Ao analisar os processos
de destruição ambiental, identificam-se, geralmente, uma série de
causas, que se classificam em diretas e em subjacentes. Por exemplo,
uma das causas diretas da destruição de florestas é sua conversão
em monoculturas de soja (Brasil, Paraguai), de dendezeiros (Indonésia,
Malásia, Papua Nova Guiné, Colômbia), de pinheiros (Chile), de eucaliptos
(Brasil, Equador). Contudo, por trás dessa causa facilmente identificável
há outras- as subjacentes- que foram as que, definitivamente, determinaram
e fizeram possível essa conversão.
Tais causas subjacentes
podem ser variadas e estar inter- relacionadas: a abertura das estradas
que permitiram o ingresso das empresas à floresta; os créditos da
Banca Multilateral que viabilizaram a construção dessas estradas;
as pressões do Fundo Monetário Internacional para aumentar as exportações
para o pagamento da dívida externa; o assessoramento da FAO e outros
organismos de “cooperação” na promoção dessas culturas; a promoção
dos agrocombustíveis pela União Européia, entre outras.
Contudo, quase todos
os processos de destruição ambiental partilham uma mesma causa subjacente:
o consumo excessivo. Os exemplos a esse respeito são profusos. A
destruição social e ambiental de indústrias como a petroleira, mineira,
madeireira ou camaroneira já tem sido amplamente documentada. Se
bem os produtos assim obtidos são consumidos em muitos países, o
principal consumo tem lugar em um número relativamente pequeno de
países: os Estados Unidos, o Japão e os membros da União Européia,
por citar os mais óbvios. Esse consumo constitui então a causa subjacente
comum da destruição dos territórios e meios de sobrevivência de
numerosas comunidades do mundo.
No caso do papel e
do papelão, o consumo mundial já tem ultrapassado de longe o limiar
da sustentabilidade. Contudo, a indústria que disso se beneficia
pretende incrementá- lo ainda mais. Contrariamente ao que afirma
a publicidade das empresas, esse aumento não visa satisfazer as
reais necessidades de papel das pessoas, e sim a aumentar o uso
de papel e papelão para embalagem, que constitui mais de 50% do
total produzido. Ao mesmo tempo, o aumento também não visa produzir
mais livros de texto ou cadernos, e sim a inventar novas “necessidades”

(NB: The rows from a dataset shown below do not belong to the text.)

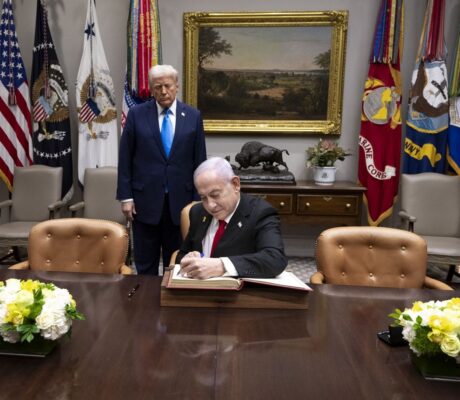 Archive photo: Donald Trump and Benjamin Netanyahu at the White House, February 2025. Dan Scavino / White House, public domain, cropped.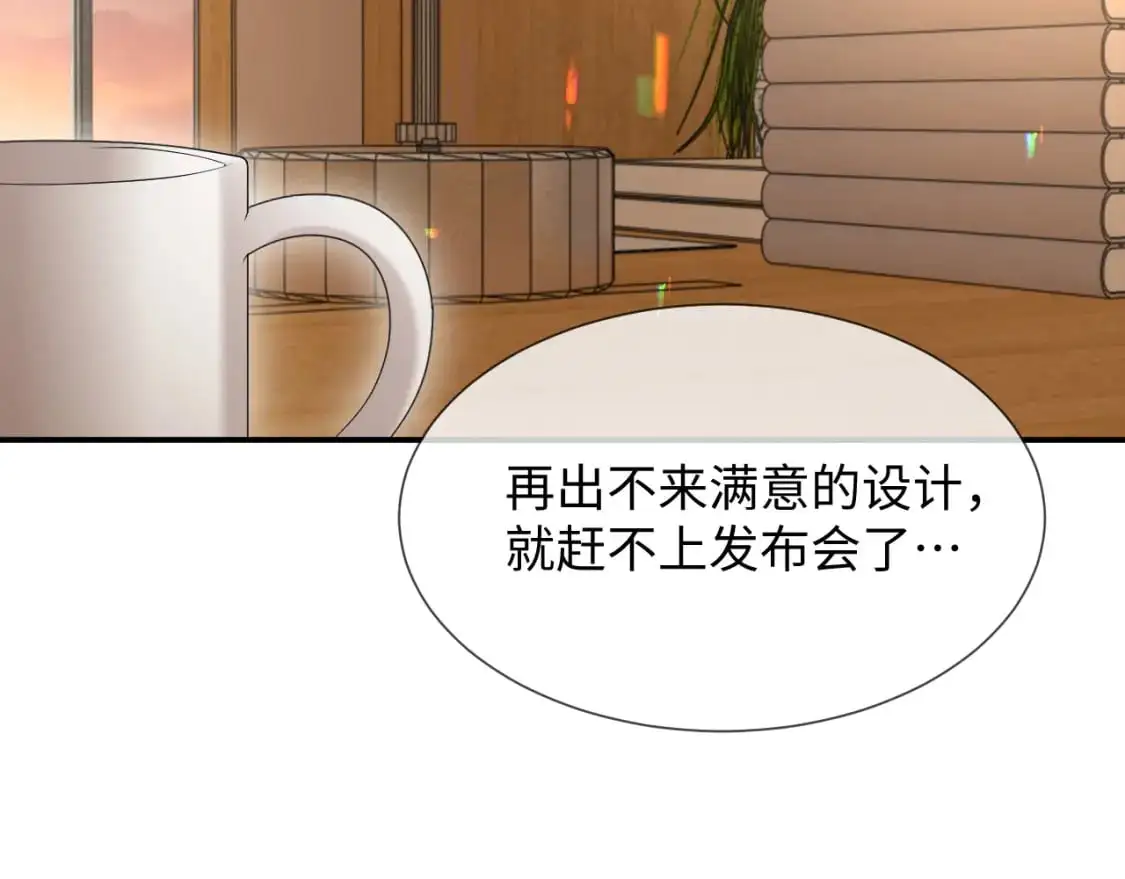 第二季 第19话 腹黑程谨 第19页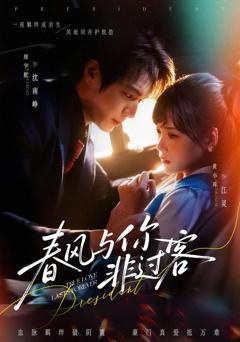 免费在线观看《春风与你非过客》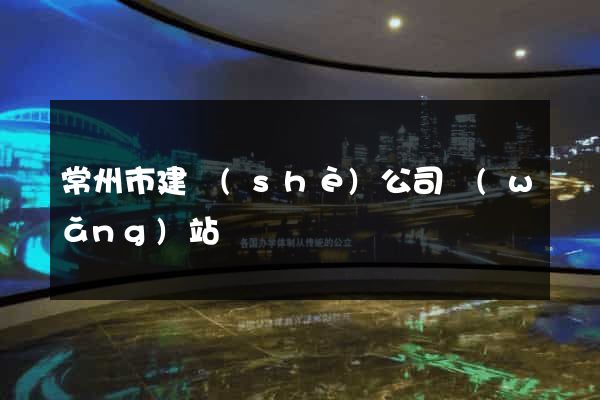 常州市建設(shè)公司網(wǎng)站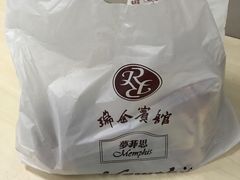 -梦菲思饼屋(瑞金宾馆店)
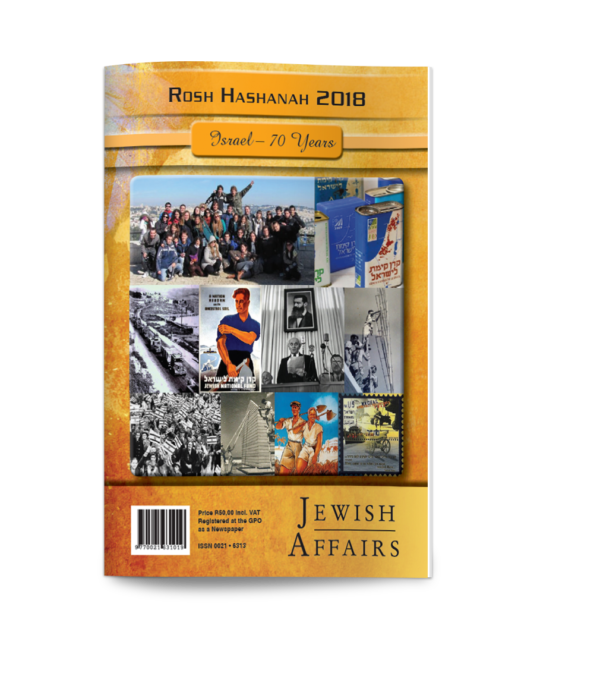 Rosh Hashanah 2018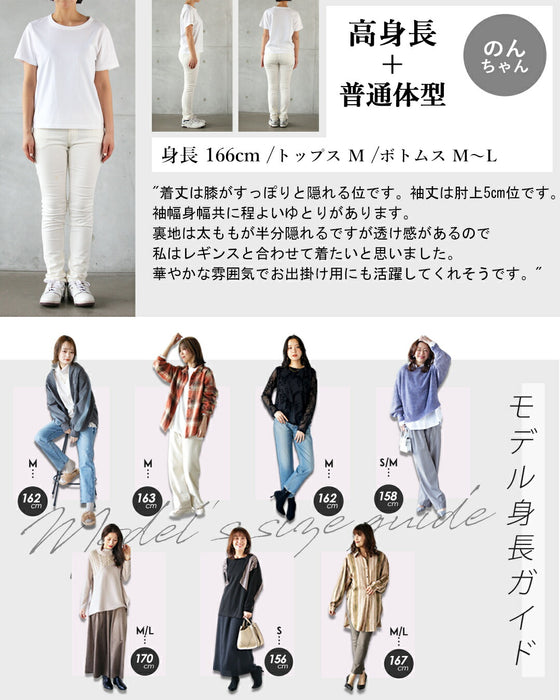 クールでちょっと可愛い 絶妙なバランス モード異素材ワンピ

de produtos descartáveis (por exemplo, copos, toalhas de mesa e
guardanapos de papel), que após um único uso passam a alimentar
as montanhas de lixo nos países ricos.
Um consumo desse tipo
de papel e papelão exige um fornecimento contínuo de enormes quantidades
de matéria- prima abundante, homogênea e barata. Para isso, a indústria
papeleira apelou inicialmente a uma fonte de matéria- prima que
parecia inesgotável: as florestas localizadas na Europa, Japão,
Estados Unidos e Canadá. Contudo, o consumo excessivo determinou
que esse recurso começasse a se esgotar e a indústria passou então
a instalar grandes monoculturas de árvores de rápido crescimento
(eucaliptos, acácias, pinheiros), que resultaram na destruição de
florestas e pradarias de países do Sul (e inclusive de algumas regiões
do Norte). Essas plantações, em contínua expansão, agora estão passando
a ser sua principal fonte de matéria- prima para a produção de papel.

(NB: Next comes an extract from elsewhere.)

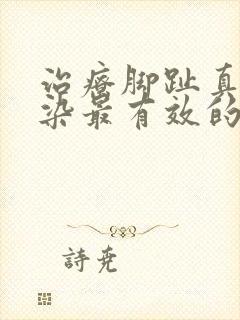 治疗脚趾真菌感染最有效的药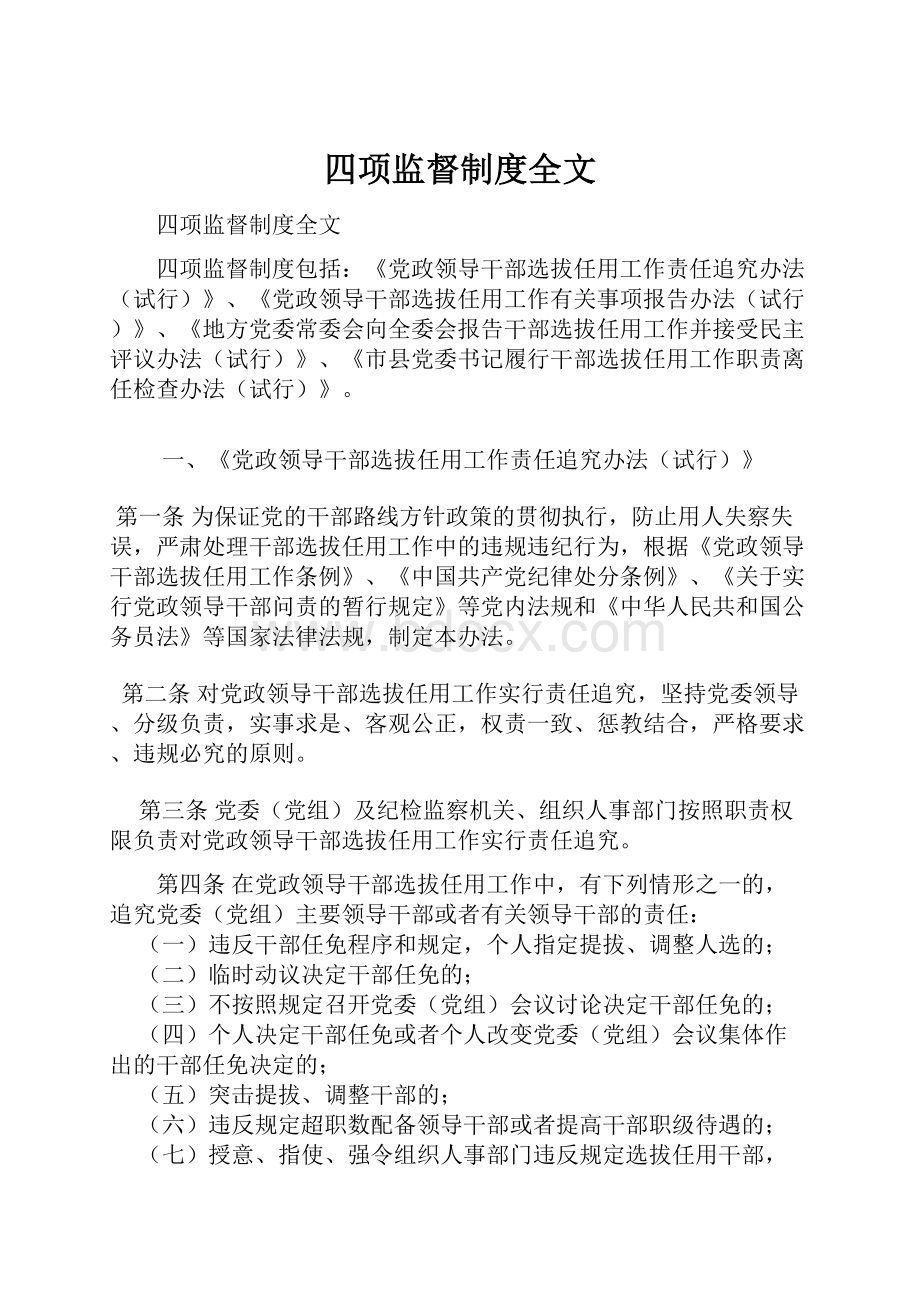 四项监督制度全文Word文档格式.docx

Mais recentemente, a indústria tem começado a deslocar a produção
de celulose para o Sul- nos arredores das plantações de árvores-
a fim de abastecer suas plantas de papel localizadas perto dos principais
mercados: no Norte consumidor.
Esse deslocamento tem
vários objetivos, o primeiro deles é o barateamento dos custos através
do acesso a terra barata (além de ser onde as árvores crescem 10
vezes mais rapidamente que no Norte), mão-de-obra barata, apoio
governamental e escassos controles ambientais. O segundo objetivo,
vinculado ao primeiro, consiste em aumentar a produção de celulose
barata, para poder assim criar novas "necessidades" de
consumo de papel. Ao atingir esses dois objetivos é possível alcançar
o terceiro e mais importante: aumentar os lucros da indústria.
Contudo, esses custos
economicamente “baratos” para as empresas resultam social e ambientalmente
muito caros para aqueles que os sofrem. O avanço das plantações
e as fábricas de celulose vem sendo resistido por inúmeras populações
locais na África, Ásia e América Latina, que se vinculam a organizações
e processos no Norte para agirem em forma mais coordenada. A fim
de colaborar nesse processo, nesta edição do boletim incluímos uma
seção especial sobre a questão do consumo de papel, que esperamos
que seja útil para tod@s @s que estão envolvid@s- tanto no Sul quanto
no Norte- nessa luta.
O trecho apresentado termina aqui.